A lot of you may not be familiar with the name Edna Griffin, but we should be, she was a civil rights pioneer in Des Moines, much like Rosa Parks in Alabama, and she has a downtown Des Moines building named after her. Edna became famous in 1948 with her court battle against the Katz Drug Store, which was located in the then known Flynn Building, later renamed the Edna Griffin Building in downtown Des Moines.
On July 7, 1948, Edna Griffin, her daughter Phyllis, and two friends, sat down at a lunch counter at the Katz Drug Store, ordered ice cream and were refused service because of the color of their skin. She then decided that she wouldn’t stand for this type of discrimination and made it her mission to put an end to discrimination in Des Moines. She launched a campaign to force the Katz Drug Store to serve African Americans by picketing every Saturday in front of the establishment, sometimes with friends, sometimes alone.
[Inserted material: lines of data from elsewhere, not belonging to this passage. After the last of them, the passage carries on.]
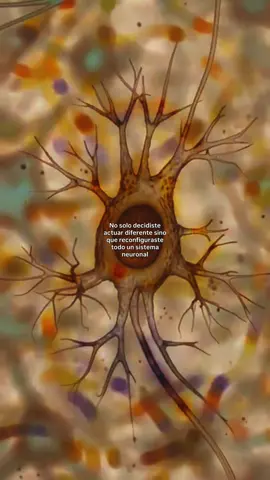 Neuroplasticidad btw  #psicologia #fyp 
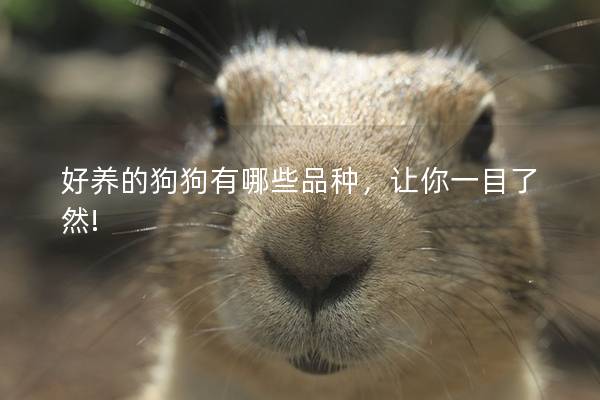 好养的狗狗有哪些品种,让你一目了然! 好养的狗狗有哪些品种,让你一目了然!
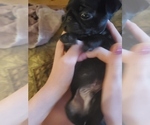 Small #2 Pug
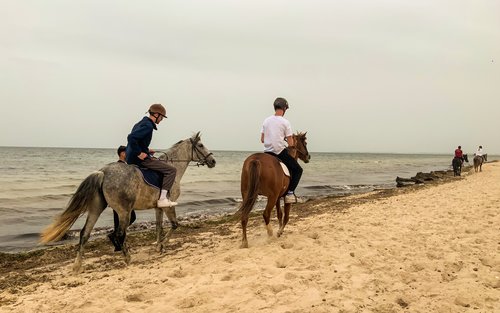Ridning i naturen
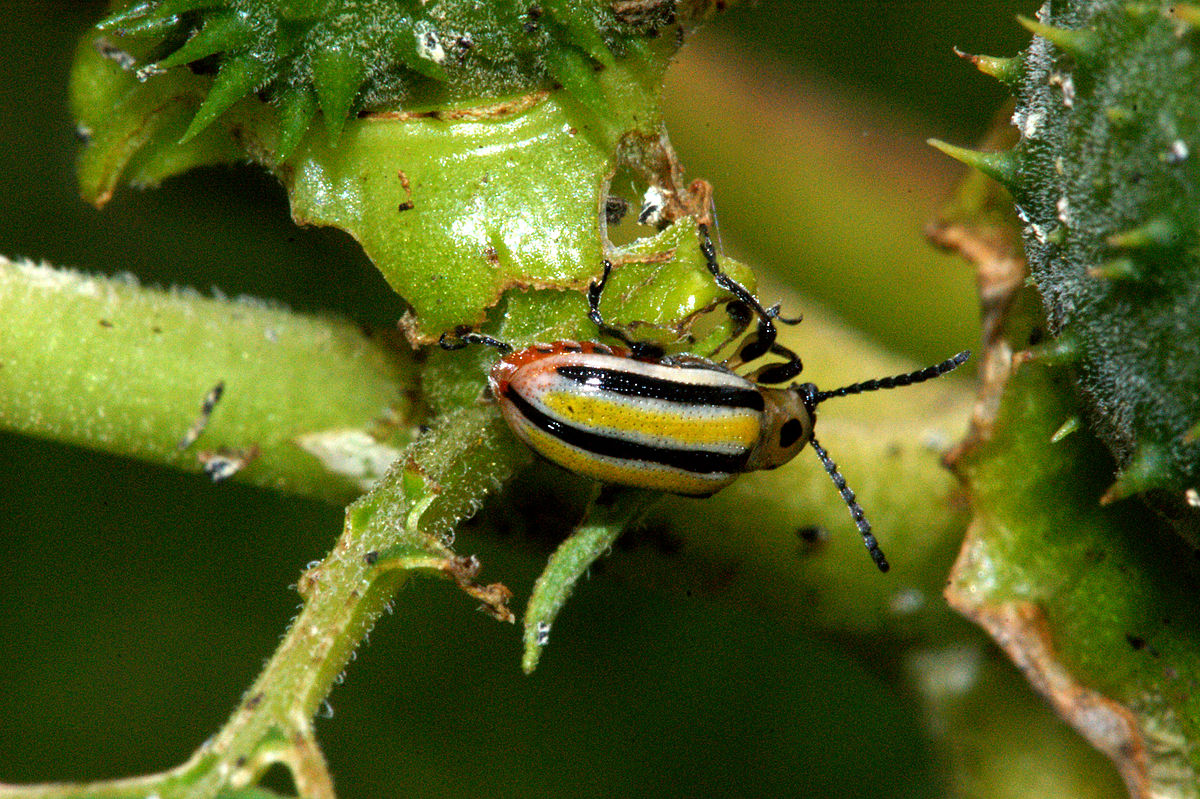
          Lema daturophila (Chrysomèle de la pomme de terre)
The Polk County Attorney’s Office eventually prosecuted the store manager under Iowa’s only civil rights law, a criminal statute prohibiting discrimination in public accommodations. The store manager was found guilty by a jury and fined $50. Soon after, restaurants in Des Moines finally began serving African Americans. What was unique about this, was that it was almost twelve years before similar sit-ins at the lunch counters began around the country.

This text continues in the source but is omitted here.